College students lack writing skills, leaves them underprepared for school, job market
Student writing skills these days at California universities are a far cry from what they were in previous decades.This begs the question: Why?
One suggestion is that a reduced value has been placed on conventional subjects such as English before the student ever arrives at the university. Lisa Weston, English professor at Fresno State, believes that too much significance is put on testing during the student’s primary and secondary education, with not enough emphasis on grammar.
“I don’t think that the elementary schools, middle schools and high schools are doing as much traditional grammar as they used to,” Dr. Weston said. “It makes learning so passive.”
Certain students may develop bad habits that result in apathy towards their writing. These students give in to the impression that writing is not their strong point, and never will be, and are content to leave it at that.
But with roughly 90 percent of business communication now being done electronically- mostly through e-mail these apathetic students may be one of thousands who graduate every year, but are unable to find a job.
Virtually every business employee must have the ability to write well. At a time when employers need employees with good writing skills, those who have substandard skills can make their employer look less professional and are often turned away after interviewing for a position.
An increasing number of new students are children who learned English as a second language (ESL). Some of these students immigrated to the United States while they were in elementary school, and others were born in this country but grew up speaking a language other than English at home.
“They spoke one language at home and another language at school,” said Kirk Stone, Assistant Director of the Fresno State Writing Center. Stone also said that writing assignments, such as essays, are often taught differently in high school than they are at the university level, which only adds to the uncertainty that ESL students face.
Fresno State English Professor Chris Henson said that certain students have the ability to learn to write well, but their backgrounds make it much more difficult.

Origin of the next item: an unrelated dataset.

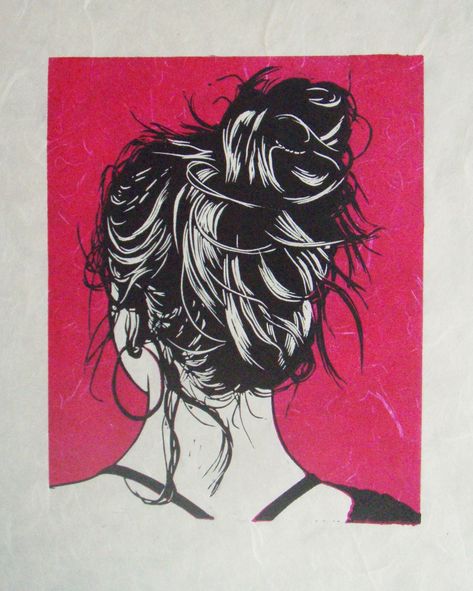 Hair bun, two color linocut. On saa paper, 20 x 25 cm. Printmaking Portraits, Lino Techniques, Linocut Portrait, Color Linocut, Linoleum Printmaking, Print Making Designs, Relief Prints, Relief Printmaking, Woodcut Art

“These things were not stressed at home,” Dr. Henson said. “A student whose inaccurate grammar was never corrected at home can cause him or her to be a step behind other students.”
Dr. Henson added that, “Different kinds of advertising programs and video games could teach young people a language, but not one that will help them at Fresno State. People might have language skills, but not academic language skills.”
Reading literature often has the effect of enhancing the teaching of composition skills by giving students access to the precision and capaciousness of well-written English.
Dr. Weston is in complete agreement.
“They never get to experience simply reading for pleasure. Language has its own rhythm, which helps as you develop your own writing skills. You don’t get that when you’re just reading a textbook.”